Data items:
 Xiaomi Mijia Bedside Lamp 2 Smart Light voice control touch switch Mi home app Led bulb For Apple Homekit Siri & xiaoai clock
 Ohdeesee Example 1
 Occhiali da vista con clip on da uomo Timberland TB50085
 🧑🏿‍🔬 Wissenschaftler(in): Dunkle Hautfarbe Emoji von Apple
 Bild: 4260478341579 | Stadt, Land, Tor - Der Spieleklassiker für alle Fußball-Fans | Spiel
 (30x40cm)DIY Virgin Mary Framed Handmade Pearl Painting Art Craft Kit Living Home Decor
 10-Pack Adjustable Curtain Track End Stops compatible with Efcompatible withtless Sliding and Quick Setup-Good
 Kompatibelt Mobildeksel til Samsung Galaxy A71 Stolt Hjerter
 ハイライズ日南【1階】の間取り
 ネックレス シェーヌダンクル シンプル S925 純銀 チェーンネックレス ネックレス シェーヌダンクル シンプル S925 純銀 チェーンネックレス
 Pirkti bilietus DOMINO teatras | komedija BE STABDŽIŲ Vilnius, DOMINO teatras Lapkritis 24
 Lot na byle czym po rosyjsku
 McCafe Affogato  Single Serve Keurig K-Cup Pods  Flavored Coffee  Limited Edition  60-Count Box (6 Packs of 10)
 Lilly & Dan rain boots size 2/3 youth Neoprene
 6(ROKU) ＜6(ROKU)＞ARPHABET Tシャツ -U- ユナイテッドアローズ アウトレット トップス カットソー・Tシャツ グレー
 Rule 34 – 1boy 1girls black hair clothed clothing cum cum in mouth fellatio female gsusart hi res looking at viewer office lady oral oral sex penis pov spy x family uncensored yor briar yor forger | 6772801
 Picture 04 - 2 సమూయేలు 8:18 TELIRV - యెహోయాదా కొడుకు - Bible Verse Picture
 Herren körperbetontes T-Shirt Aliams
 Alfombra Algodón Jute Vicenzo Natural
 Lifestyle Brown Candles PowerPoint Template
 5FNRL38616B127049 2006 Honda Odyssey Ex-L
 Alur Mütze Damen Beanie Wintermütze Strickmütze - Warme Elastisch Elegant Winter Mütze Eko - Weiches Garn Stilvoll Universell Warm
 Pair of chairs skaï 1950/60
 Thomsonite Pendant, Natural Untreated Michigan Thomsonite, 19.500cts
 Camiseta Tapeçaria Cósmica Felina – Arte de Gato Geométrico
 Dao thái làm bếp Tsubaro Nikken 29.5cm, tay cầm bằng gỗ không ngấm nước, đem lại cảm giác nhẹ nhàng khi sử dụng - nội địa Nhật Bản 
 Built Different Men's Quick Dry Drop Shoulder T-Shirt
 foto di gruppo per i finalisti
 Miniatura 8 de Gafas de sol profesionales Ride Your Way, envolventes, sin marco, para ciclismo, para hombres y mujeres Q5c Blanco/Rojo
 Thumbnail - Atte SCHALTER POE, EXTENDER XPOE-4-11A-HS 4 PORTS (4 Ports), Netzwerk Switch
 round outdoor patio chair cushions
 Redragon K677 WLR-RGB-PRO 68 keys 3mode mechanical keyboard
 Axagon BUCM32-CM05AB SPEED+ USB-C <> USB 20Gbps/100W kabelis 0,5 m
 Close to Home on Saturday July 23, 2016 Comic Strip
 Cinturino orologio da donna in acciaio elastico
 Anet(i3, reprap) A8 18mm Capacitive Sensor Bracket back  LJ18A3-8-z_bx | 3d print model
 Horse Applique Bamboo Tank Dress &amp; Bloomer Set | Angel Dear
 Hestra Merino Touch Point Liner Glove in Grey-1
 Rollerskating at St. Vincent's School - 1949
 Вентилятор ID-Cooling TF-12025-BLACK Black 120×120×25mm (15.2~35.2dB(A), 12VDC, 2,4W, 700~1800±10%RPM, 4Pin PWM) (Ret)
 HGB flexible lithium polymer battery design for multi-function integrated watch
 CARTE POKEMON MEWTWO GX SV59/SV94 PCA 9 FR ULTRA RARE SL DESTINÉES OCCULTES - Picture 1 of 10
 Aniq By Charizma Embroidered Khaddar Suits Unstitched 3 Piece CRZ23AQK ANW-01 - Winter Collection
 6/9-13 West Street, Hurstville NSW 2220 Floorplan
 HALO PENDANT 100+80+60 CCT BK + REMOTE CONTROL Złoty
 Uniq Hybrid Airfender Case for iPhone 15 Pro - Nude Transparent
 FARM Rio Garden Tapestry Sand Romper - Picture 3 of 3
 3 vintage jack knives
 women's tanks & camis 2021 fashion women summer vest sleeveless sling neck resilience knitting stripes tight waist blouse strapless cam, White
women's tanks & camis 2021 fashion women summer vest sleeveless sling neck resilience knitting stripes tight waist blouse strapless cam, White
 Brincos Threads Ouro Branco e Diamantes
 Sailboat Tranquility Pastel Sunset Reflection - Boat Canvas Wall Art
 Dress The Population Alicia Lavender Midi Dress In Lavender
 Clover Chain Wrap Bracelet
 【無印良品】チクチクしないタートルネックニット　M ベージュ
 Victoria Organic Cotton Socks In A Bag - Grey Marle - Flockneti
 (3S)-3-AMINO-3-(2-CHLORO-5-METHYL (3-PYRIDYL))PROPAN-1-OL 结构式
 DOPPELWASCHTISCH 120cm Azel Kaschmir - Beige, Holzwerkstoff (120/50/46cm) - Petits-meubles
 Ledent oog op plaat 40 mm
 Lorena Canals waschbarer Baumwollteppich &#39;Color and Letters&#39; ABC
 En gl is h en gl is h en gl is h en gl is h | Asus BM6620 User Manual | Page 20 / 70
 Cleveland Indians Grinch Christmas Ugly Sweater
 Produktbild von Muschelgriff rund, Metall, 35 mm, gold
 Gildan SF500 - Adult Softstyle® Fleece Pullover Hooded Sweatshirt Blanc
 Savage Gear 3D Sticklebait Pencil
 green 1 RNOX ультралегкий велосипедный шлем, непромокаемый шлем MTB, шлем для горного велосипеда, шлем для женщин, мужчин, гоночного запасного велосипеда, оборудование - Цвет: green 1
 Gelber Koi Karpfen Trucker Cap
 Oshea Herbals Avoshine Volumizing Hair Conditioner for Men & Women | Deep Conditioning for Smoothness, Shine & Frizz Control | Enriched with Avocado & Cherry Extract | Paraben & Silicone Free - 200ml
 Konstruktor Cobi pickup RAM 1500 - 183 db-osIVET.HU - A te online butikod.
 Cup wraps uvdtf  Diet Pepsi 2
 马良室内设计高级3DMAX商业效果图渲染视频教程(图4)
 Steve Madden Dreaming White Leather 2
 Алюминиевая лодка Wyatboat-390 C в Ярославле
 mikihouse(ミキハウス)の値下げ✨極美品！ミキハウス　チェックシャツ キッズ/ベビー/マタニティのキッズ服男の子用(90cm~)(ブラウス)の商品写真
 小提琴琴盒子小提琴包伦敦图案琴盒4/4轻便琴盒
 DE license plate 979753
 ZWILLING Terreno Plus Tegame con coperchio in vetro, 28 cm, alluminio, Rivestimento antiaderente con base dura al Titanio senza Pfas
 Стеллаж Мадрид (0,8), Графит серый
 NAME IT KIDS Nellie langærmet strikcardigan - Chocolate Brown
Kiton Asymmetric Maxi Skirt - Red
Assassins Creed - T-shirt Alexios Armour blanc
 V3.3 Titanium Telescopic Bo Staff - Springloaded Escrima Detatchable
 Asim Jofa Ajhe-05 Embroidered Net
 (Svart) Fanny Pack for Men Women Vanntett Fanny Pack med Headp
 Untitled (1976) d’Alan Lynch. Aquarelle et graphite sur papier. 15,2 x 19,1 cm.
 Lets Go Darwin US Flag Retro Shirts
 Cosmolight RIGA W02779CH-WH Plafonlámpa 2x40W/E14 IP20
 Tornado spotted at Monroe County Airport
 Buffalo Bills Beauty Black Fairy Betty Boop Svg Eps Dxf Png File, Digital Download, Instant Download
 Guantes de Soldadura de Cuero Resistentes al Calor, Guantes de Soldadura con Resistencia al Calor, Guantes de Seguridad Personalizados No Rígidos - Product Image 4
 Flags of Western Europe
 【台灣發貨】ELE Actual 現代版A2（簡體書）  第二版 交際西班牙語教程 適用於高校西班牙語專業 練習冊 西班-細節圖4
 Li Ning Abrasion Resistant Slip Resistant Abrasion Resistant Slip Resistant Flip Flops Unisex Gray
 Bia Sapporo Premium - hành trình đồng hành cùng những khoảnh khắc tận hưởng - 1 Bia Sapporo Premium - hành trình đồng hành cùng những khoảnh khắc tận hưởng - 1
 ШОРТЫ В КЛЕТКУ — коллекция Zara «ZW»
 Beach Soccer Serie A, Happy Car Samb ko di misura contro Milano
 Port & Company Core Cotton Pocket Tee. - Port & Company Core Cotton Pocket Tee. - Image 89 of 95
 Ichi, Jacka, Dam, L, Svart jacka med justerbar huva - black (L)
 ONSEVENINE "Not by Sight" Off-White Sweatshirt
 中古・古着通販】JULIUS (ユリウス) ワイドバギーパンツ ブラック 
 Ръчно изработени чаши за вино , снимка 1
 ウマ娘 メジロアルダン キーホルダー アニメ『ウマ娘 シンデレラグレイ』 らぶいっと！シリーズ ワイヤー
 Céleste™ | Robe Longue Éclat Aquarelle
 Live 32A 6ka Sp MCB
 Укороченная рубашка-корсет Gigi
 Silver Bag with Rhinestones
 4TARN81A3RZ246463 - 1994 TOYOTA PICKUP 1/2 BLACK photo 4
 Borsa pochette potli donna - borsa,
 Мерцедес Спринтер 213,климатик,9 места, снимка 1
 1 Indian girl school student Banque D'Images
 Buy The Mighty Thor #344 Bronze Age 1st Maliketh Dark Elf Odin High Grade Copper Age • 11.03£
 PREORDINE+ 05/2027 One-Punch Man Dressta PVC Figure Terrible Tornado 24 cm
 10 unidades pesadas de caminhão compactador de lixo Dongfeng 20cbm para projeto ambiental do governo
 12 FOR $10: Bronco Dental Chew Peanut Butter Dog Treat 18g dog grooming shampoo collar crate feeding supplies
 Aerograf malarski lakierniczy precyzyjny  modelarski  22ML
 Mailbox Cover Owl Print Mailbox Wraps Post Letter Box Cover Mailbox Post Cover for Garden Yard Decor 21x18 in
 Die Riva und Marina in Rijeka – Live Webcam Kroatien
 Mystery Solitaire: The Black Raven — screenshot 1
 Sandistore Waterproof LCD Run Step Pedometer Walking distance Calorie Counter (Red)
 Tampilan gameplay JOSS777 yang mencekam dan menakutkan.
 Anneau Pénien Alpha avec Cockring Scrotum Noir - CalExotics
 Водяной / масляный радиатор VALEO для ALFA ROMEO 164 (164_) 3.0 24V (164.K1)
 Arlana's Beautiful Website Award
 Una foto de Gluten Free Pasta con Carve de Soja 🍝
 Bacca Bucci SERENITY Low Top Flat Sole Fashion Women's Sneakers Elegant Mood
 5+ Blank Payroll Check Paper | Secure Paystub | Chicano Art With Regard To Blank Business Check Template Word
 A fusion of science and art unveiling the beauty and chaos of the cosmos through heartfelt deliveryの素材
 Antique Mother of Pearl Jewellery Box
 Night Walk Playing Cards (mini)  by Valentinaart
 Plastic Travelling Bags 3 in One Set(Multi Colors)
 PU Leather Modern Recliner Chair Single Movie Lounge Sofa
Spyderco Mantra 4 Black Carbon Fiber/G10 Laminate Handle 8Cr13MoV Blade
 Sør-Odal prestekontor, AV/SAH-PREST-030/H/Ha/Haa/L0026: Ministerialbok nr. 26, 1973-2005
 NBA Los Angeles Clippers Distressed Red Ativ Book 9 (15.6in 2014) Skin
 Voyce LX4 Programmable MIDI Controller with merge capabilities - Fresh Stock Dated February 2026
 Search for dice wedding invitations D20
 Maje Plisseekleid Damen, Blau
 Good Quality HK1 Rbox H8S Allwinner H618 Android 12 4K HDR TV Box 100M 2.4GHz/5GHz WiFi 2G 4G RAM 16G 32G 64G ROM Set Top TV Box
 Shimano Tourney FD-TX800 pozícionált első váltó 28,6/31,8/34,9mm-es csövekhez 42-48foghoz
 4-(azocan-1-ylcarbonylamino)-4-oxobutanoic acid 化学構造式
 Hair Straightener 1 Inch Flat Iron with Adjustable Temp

- [Task to carry out]: Report, from the entries above, each line where "donna" is found.

- [Answer to the problem]:
 Cinturino orologio da donna in acciaio elastico
 Borsa pochette potli donna - borsa,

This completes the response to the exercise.